Mao died in 1976 and bequeathed a bankrupt nation to his successor, Deng Xiaoping (Teng Hsiaop’ing). Deng sought to pull China out of its economic disaster by reforms called the “Four Modernizations”—of agriculture, industry, science, and defense. He also somewhat relaxed intellectual controls in 1978 by allowing a Democracy Wall in the capital city Beijing (Peking), where citizens could air their grievances. Deng was surprised by the extent and bitterness of the complaints and stunned by an article posted by a young man named Wei Jingsheng entitled “The Fifth Modernization: Democracy.” Wei (born 1950) was the son of committed communist parents and had lived a privileged life in Beijing.
His travels during the Cultural Revolution exposed him to the horrors and inequities of a regime that condemned millions to death by man-made famines and that denied justice to ordinary people. His article argued that the Four Modernizations were not enough without a fifth—democracy. For this he was arrested, convicted of “counterrevolution” in a show trial, and sentenced to 15 years of hard labor. He became China’s most famous political prisoner. Wei was released in 1993, one-and a-half years short of serving his full term—not because the regime had come to accept international standards of human rights but because it wanted to host the 2000 Olympics in Beijing. He was rearrested and sentenced to another long jail term in 1994 for speaking out for human rights, but was released in 1997 and exiled to the United States.
Countless other Chinese were tortured, imprisoned, and killed for seeking religious freedom or for other perceived offenses against the Communist Party. One was Harry Wu (born 1937), who began to suffer severe persecution as a college student. After becoming a U.S. citizen, Wu worked to expose the Chinese government practice of imprisoning political dissenters in brutal labor camps and selling their products and the organs of the prisoners to the United States and other nations.

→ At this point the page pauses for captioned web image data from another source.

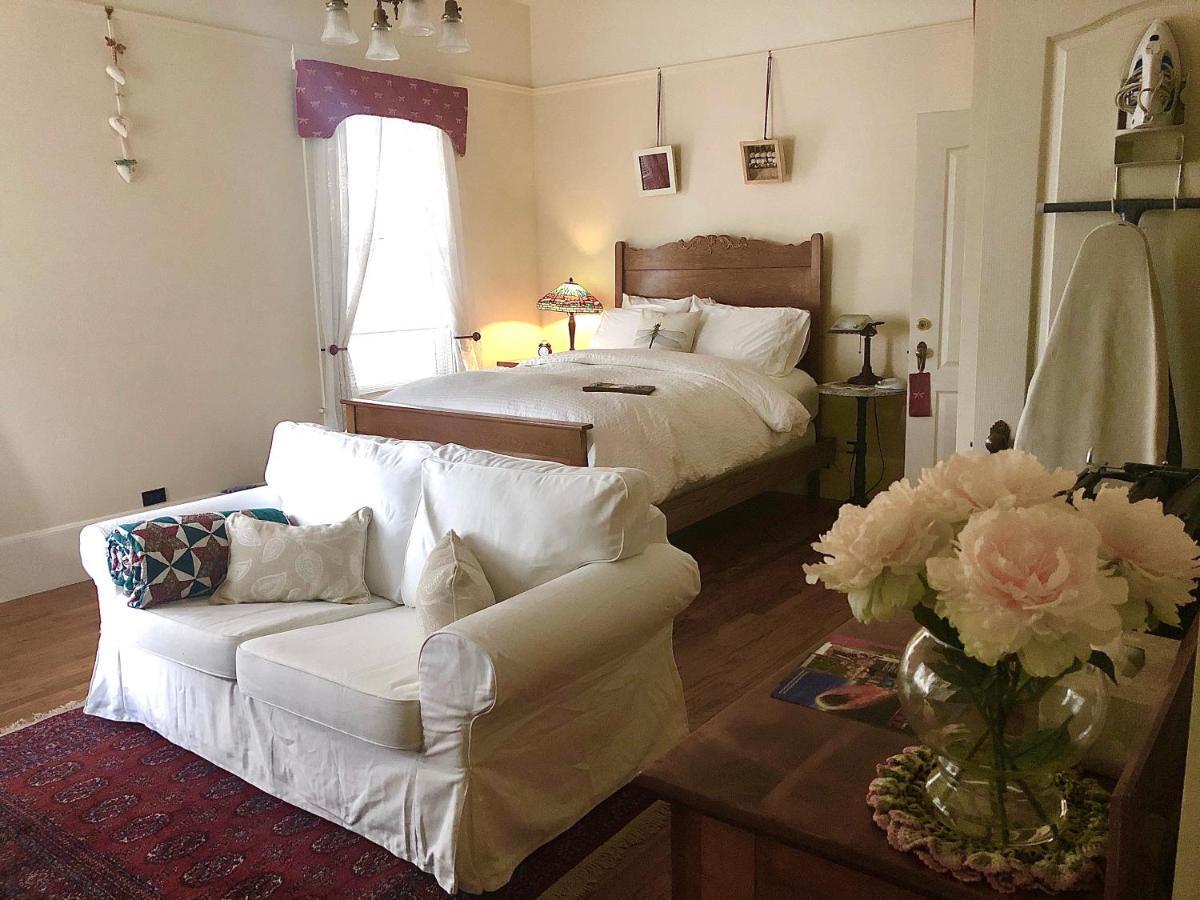 Starlight Pines Bed & Breakfast Flagstaff Luaran gambar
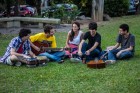 Com 11 faixas, Barcamundi lança seu primeiro CD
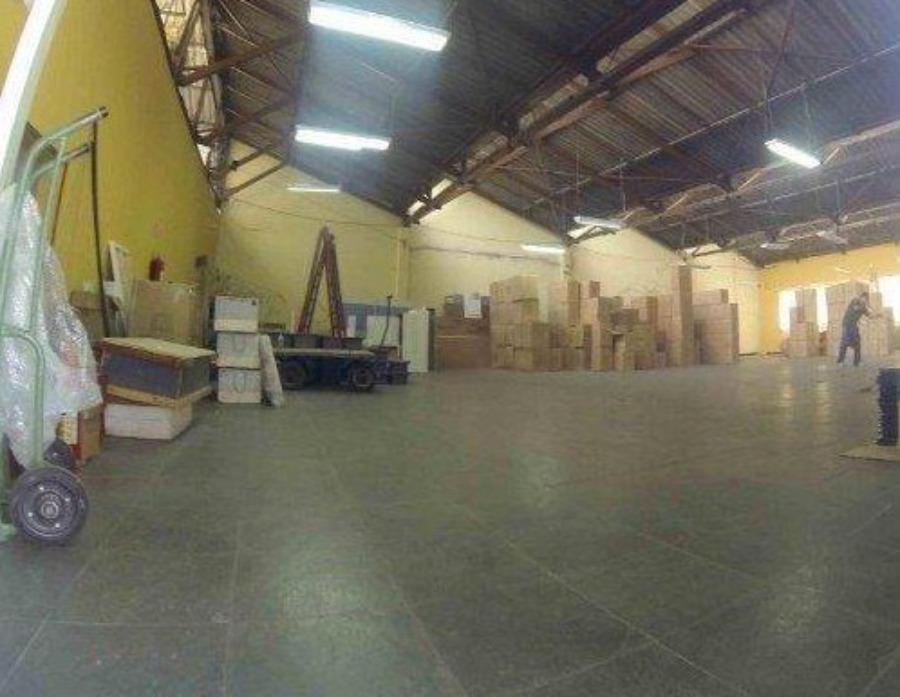 Prédio Inteiro, 2200 m² - Foto 10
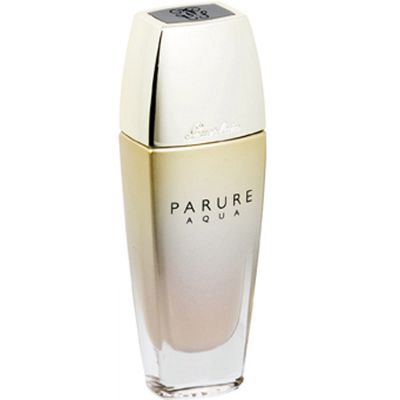 Guerlain Parure fluid aqua foundation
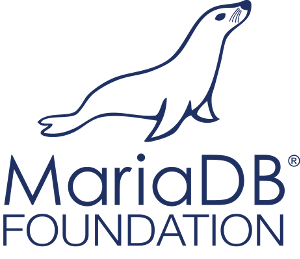 MariaDB Logo - About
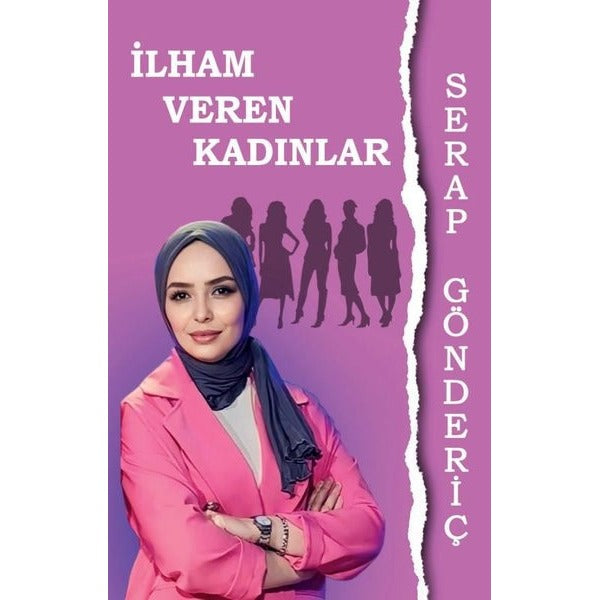 İlham Veren Kadınlar | Tunç Yayıncılık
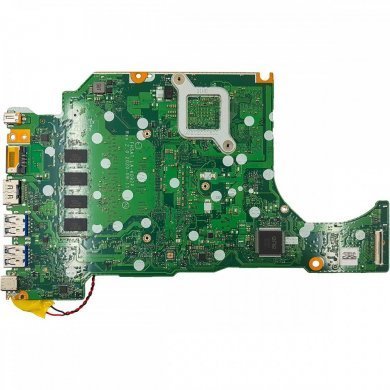 FH5AT-LA-K092P-I7-GPU Placa mãe Acer Aspire A515-56G i7-1165G7 MX350 2GB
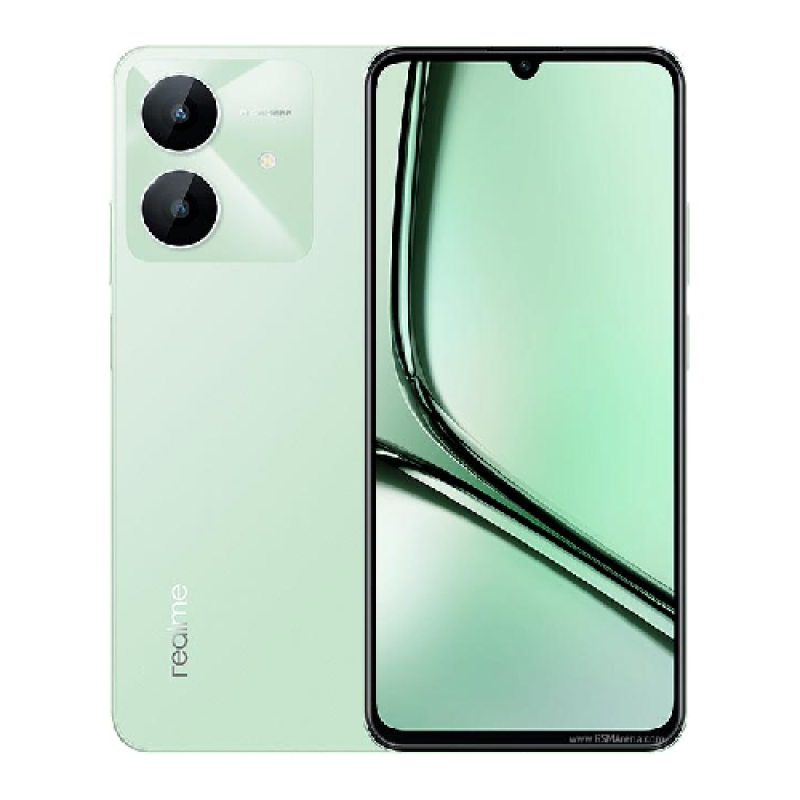  Realme NOTE 60X 4/128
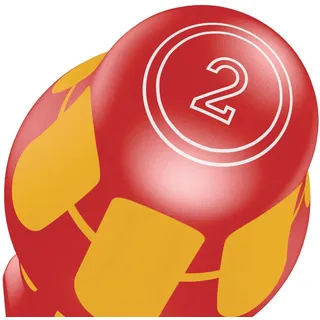 WERA Kraftform Big Pack 100 VDE Schraubendrehersatz, 14-tlg. (05105631001)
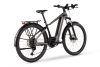 BESV TRX-B Urban 1.3 – Bosch Performance CX • 625 Wh • Shimano CUES 11 s • Iron Gray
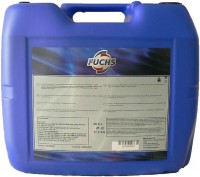 Photos - Engine Oil Fuchs Titan GT1 PRO C-2 5W-30 20 L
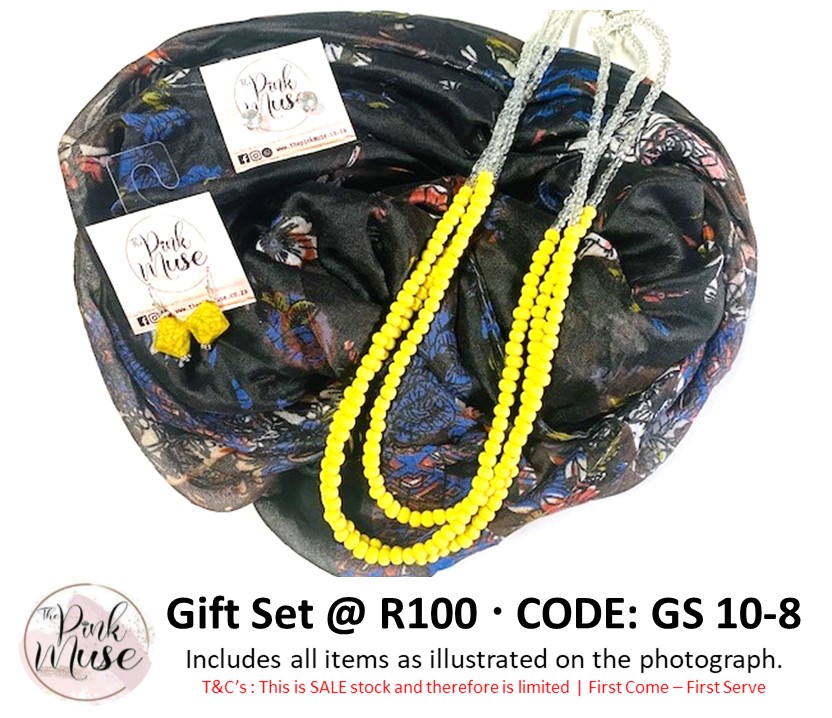 Muse Box | Neck Piece - Image 2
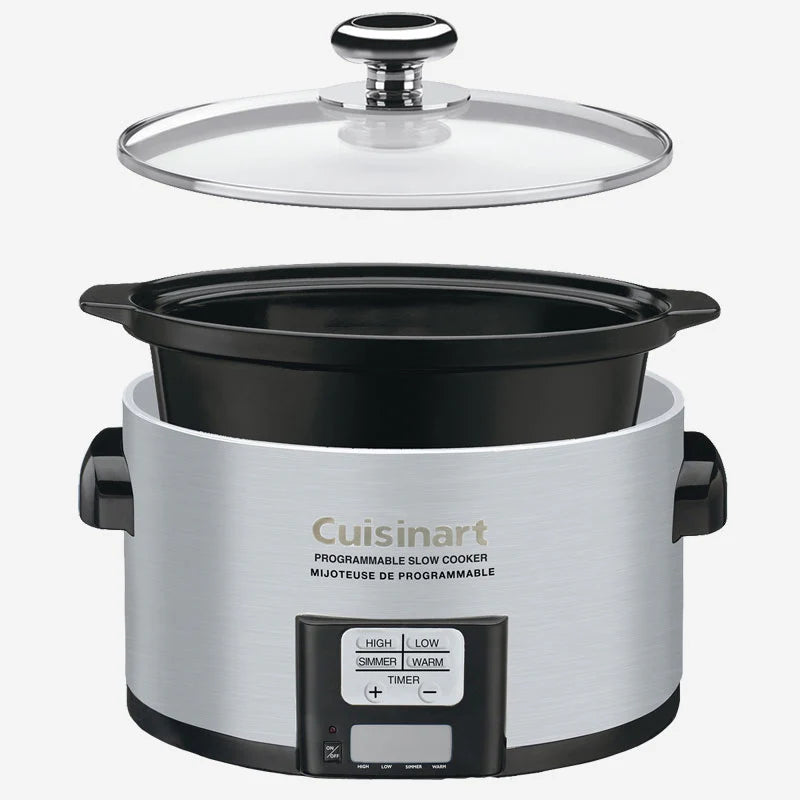3.5 qt Slow Cooker O51431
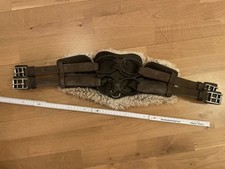 Stübben Sattelgurt Kurzgurt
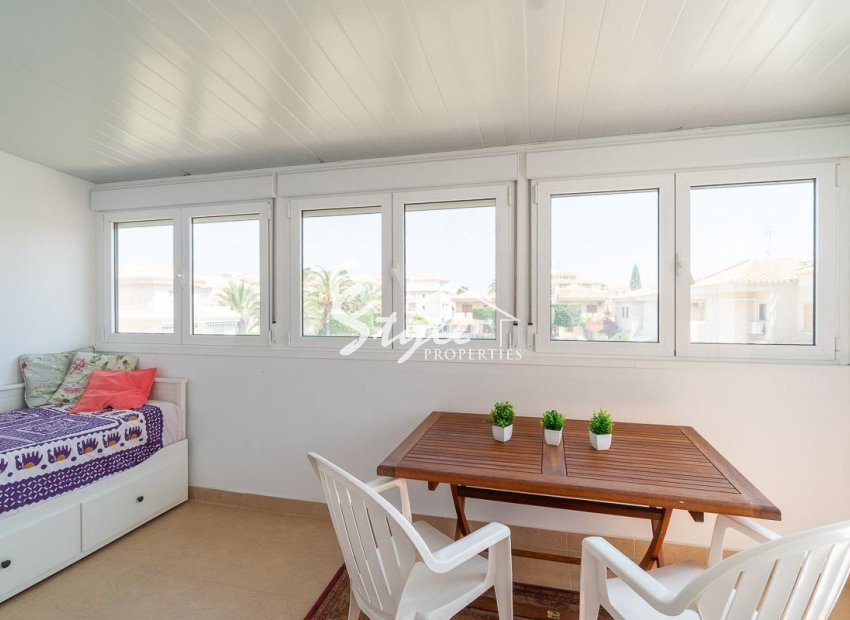 Reventa - Villa - Orihuela-Costa - Playa Flamenca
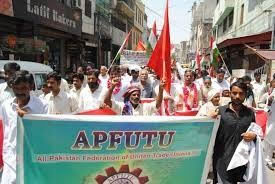 Streikbewegung der Staatsbediensteten in Pakistan gegen das IWF-Privatisierungsdiktat und die Rentenreform nun auch in der Provinz Punjab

Two world-famous victims were intellectual leaders Fang Lizhi (Fang Li-tzu, born 1936) and Liu Binyan (Liu Ping-yen, born 1925). Fang was China’s leading astrophysicist and vice president of the prestigious Chinese University of Science and Technology. For supporting students’ demands for genuine elections, for advocating democracy and intellectual freedom, and for demanding that Wei Jing-sheng be released, he was dismissed from his positions in 1987 and expelled from the CCP. When President George H. W. Bush invited Fang and his wife to a state dinner that he hosted during a visit to China in 1989, the Chinese leaders sent police to prevent them from attending.
Liu Binyan was a famous literary figure and also an investigative reporter for the newspaper the People’s Daily. For exposing the massive abuses of power by the CCP, he was dismissed from the party. Their fame protected Fang and Liu from arrest, but both were exiled—to Great Britain and the United States, respectively. Among the four, Wei, Fang, and Liu began as committed communists and later became determined opponents of communism. Wei and Wu suffered long and harsh imprisonment. Millions of other Chinese, named and unnamed, continued to suffer the denial of their human rights.
Bibliography:
- Binyan, Liu. “Tell the World” What Happened in China and Why. Translated by Henry L. Epstein. New York: Pantheon Books, 1989;
- Salisbury, Harrison E. The New Emperors: China in the Era of Mao and Deng. Boston: Little, Brown, 1992;
- Wei Jingsheng. The Courage to Stand Alone. New York: Penguin, USA, 1997;
- Wu, Harry, with George Vecsey. Troublemaker, One Man’s Crusade against China’s Cruelty. New York: Time Books, 1996.